The complete genome of the new enamovirus consists of 5,781 nt (GenBank accession no. MZ361924) and contains five open reading frames (ORF). Its genomic organization is typical of members of the genus Enamovirus (Fig. 1C). The 5’ and 3’ untranslated regions (UTR) are 174 nt and 233 nt long, respectively, and the intergenic region (IR) between ORFs 2 and 3 is 188 nt in length. ORF0, starting at nt 175 and ending at nt 1,086, encodes a putative P0 protein of 303 amino acid (aa) residues that contains the sequence 213LPxxL217, the putative F-box-like motif, which is conserved among enamoviruses [7]. ORF1 is predicted to be expressed by a ribosomal leaky scanning mechanism, encoding a putative P1 protein of 766 aa residues. The conserved sequence 390H(x29)D(x67)GxSG591 of the S39 serine protease is present in this region [8]. ORF2 is predicted to be translated by a -1 ribosomal frameshift at a putative slippery heptamer, 2039GGGAAAT2045, within ORF1 to produce a fusion protein of P1-P2 with a length of 1188 aa residues. P1-P2 might be involved in replication of enamoviruses, as it contains the highly conserved motif 1,085GDD1,087 in the viral RNA-dependent RNA polymerase (RdRp) [8]. After a short IR, ORF3 starts at nt 4,022 and ends at nt 4,594, encoding a coat protein (CP) of 190 aa residues. ORF5 is predicted to be expressed by a putative in-frame readthrough from ORF3, producing a fusion protein of 508 aa residues (P3-P5). P3-P5 is thought to be an aphid-transmission subunit in members of the genus Enamovirus [9].

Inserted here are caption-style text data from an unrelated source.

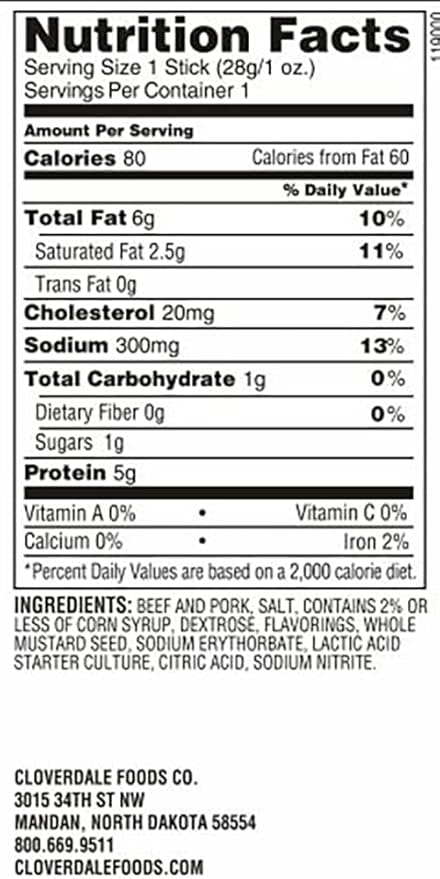 Cloverdale Tangy Snackers Summer Sausage Stick 1 Ounce Variety – Individually Wrapped Summer Sausage Beef Sticks Soft Bite Meat Sticks Summer Sausage Sticks
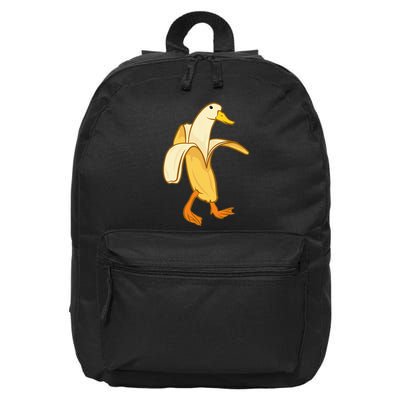 Goose Funny Pictures Goose My Humor Goose Banana Goose 16 in Basic Backpack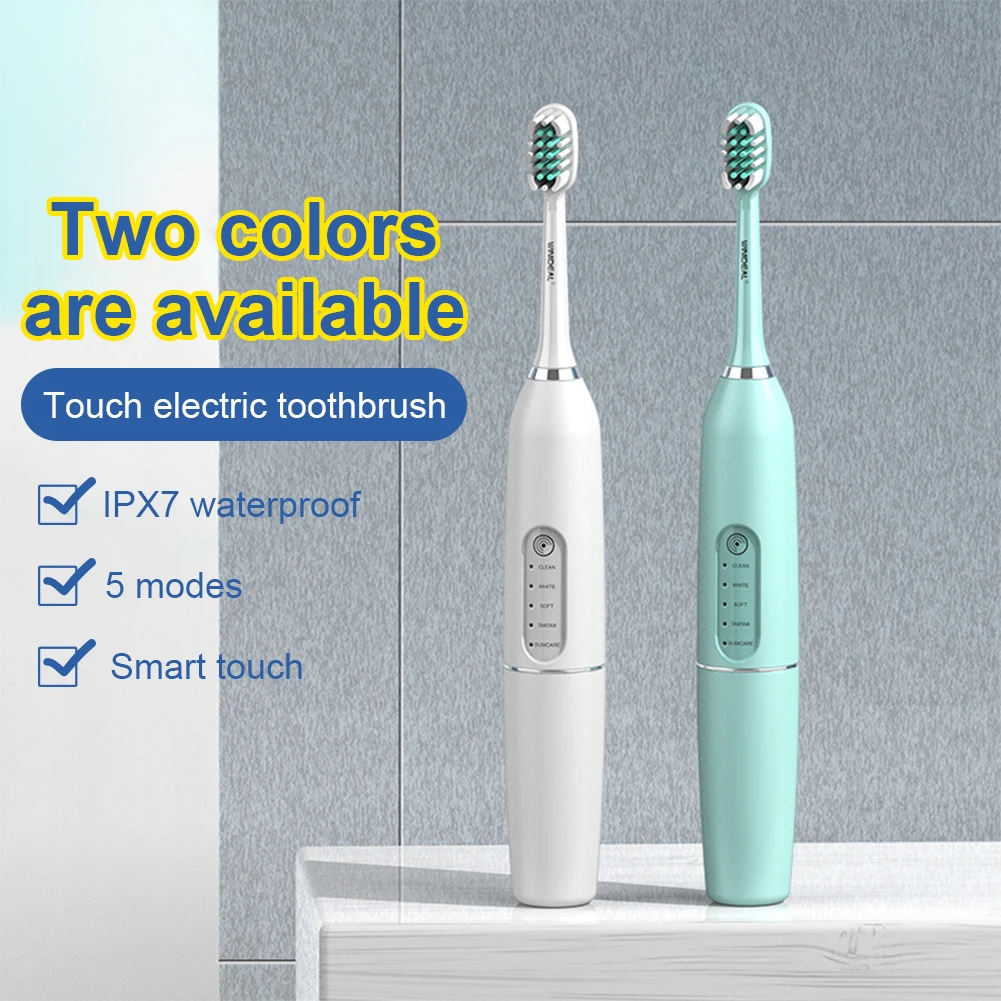 

Waterproof Newest Smart Electric Inductive for Adults Kids Charging 5 Mode Whitening Tartar Cleaner Kit Toothbrush Dental Scaler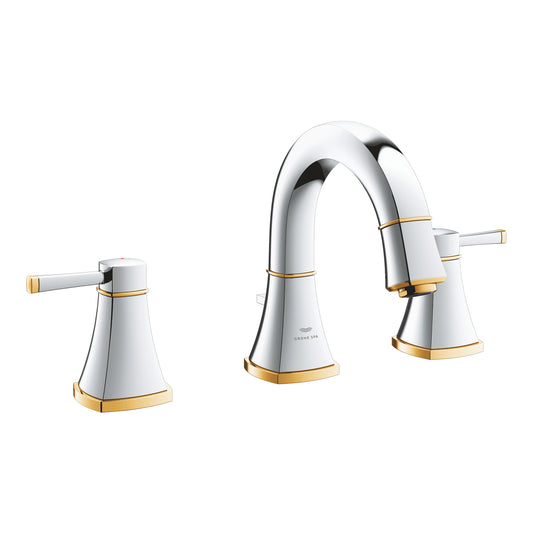 Grohe Lavabo Bataryası 3 Delikli Grandera M–Boyut Krom/Altın – 20624IG0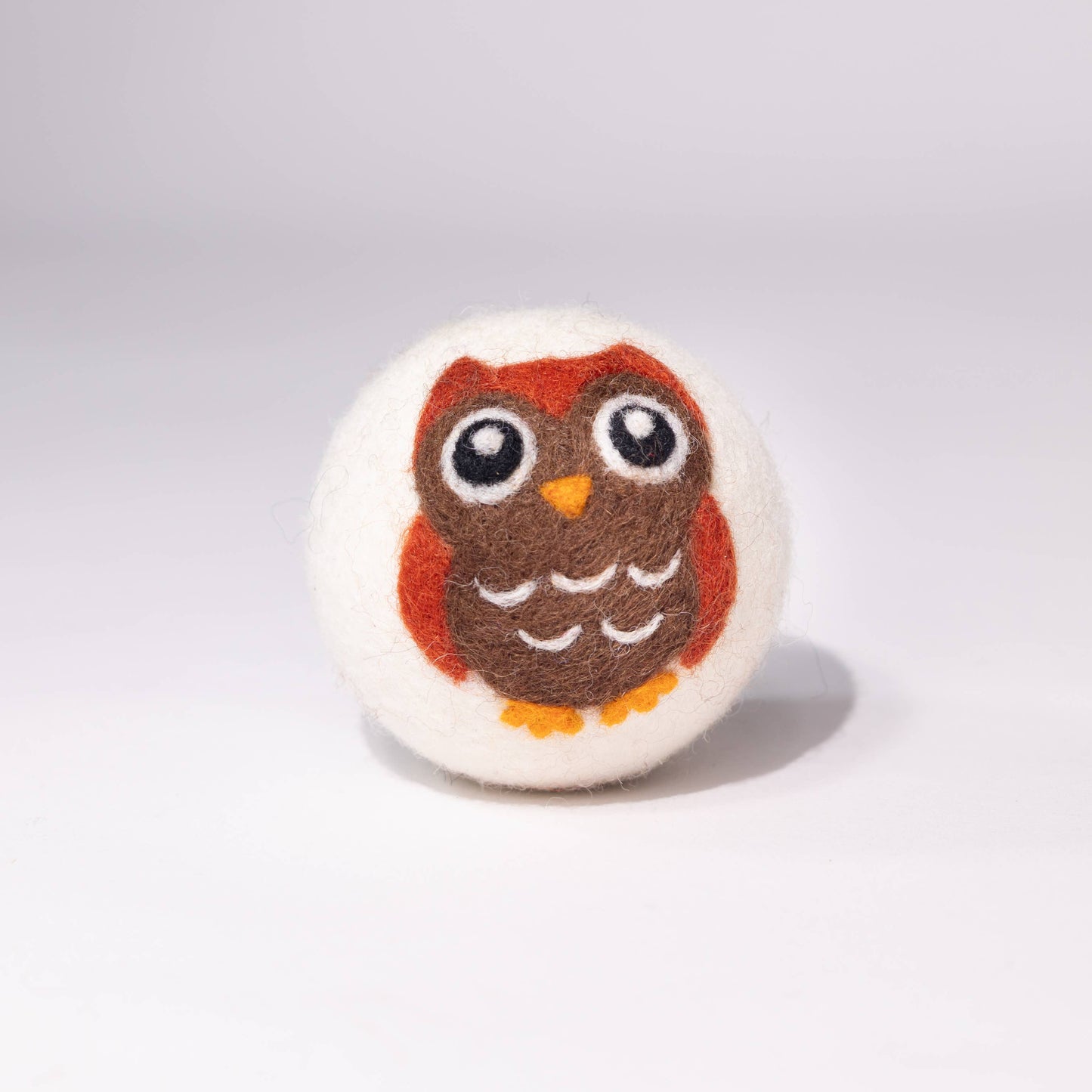 Owls: Eco Wool Dryer Balls Fair Trade : Brown Owl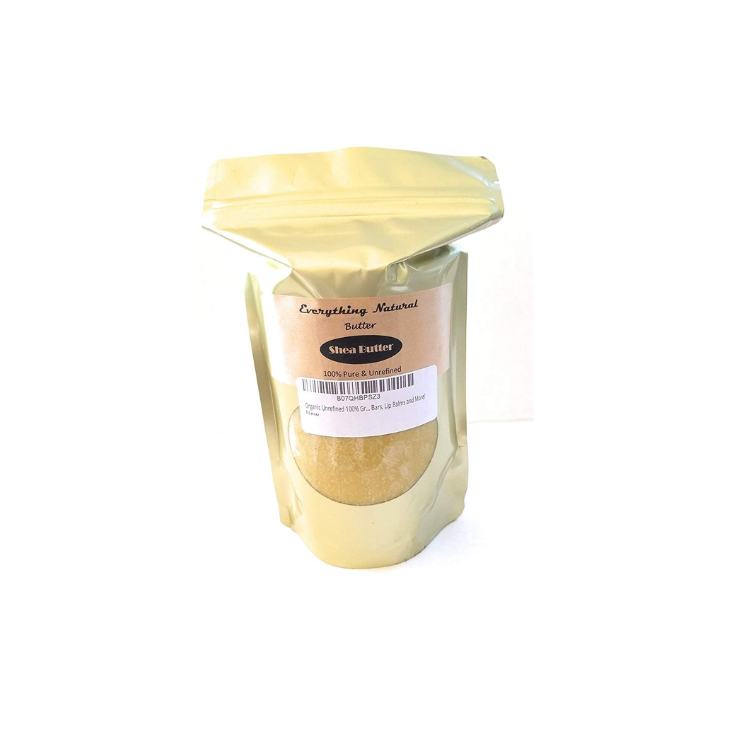 SHEA BUTTER ORGANIC UNREFINED 100% POUCH - 454G/16OZ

Pairwise comparisons of the genome sequences and the predicted aa sequences of the individual proteins of this virus and other members of the genus were conducted, and the results show that this new virus shares 50.4-68.4% nt sequence identity with enamoviruses at the whole-genome level and 19.9-51.9% amino acid sequence identity in P0, 24.9-52.5% in P1, 33.4-62.9% in P1-P2, 30.6-81.1% in P3, and 32.3-74.2% in P3-P5 (Supplementary Table S2). These values are below the species demarcation threshold of 10% aa sequence identity in any gene product for the genus Enamovirus [10]. It is worth noting that the CP is the most conserved protein, whereas ORF0 is the most divergent among the enamoviruses. A maximum-likelihood tree based on deduced P1-P2 fusion protein sequences of this virus and members of the genera Enamovirus, Polemovirus, Sobemovirus, and Polerovirus of the family Solemoviridae places the new virus together with AEV-1 [11] and pea enation mosaic virus 1 (PEMV-1) [12] in a legume clade (Fig. 2). The results of these analyses suggest that the new virus, tentatively named "bean enamovirus 1" (BEnV-1), should be considered a new member of the genus Enamovirus.

Fig. 2
figure 2

Maximum-likelihood tree based on the deduced fusion protein sequences of P1-P2 of BEnV-1 and members of the genera Enamovirus, Sobemovirus, Polemovirus, and Polerovirus. Bootstrap analysis was applied using 1000 bootstrap replicates. A solid triangle indicates the BEnV-1 characterized in this study.

To investigate the distribution and potential natural host species of BEnV-1 in the field, a total of 378 leaf samples were collected from different crops and weeds with or without symptoms in Yunnan. RT-PCR was performed using the specific primers BEnVdF and BEnVdR (Supplementary Table S1), and five out of 25 vetch plants (21.7%), three out of 10 alfalfa plants (30.0%), and five out of 59 common bean plants (8.5%) were found to be infected with BEnV-1. The main symptom associated with BEnV-1 in the three infected legume plants was mild mottle (Fig. 1A-C). The virus was not detected in cowpea, soybean, pea, faba bean, pepper, tomato, potato, cucurbit, cucumber, and passion fruit. Common bean and alfalfa are important food and forage crops throughout the world. The effects of BEnV-1 on its hosts still needs to be assessed.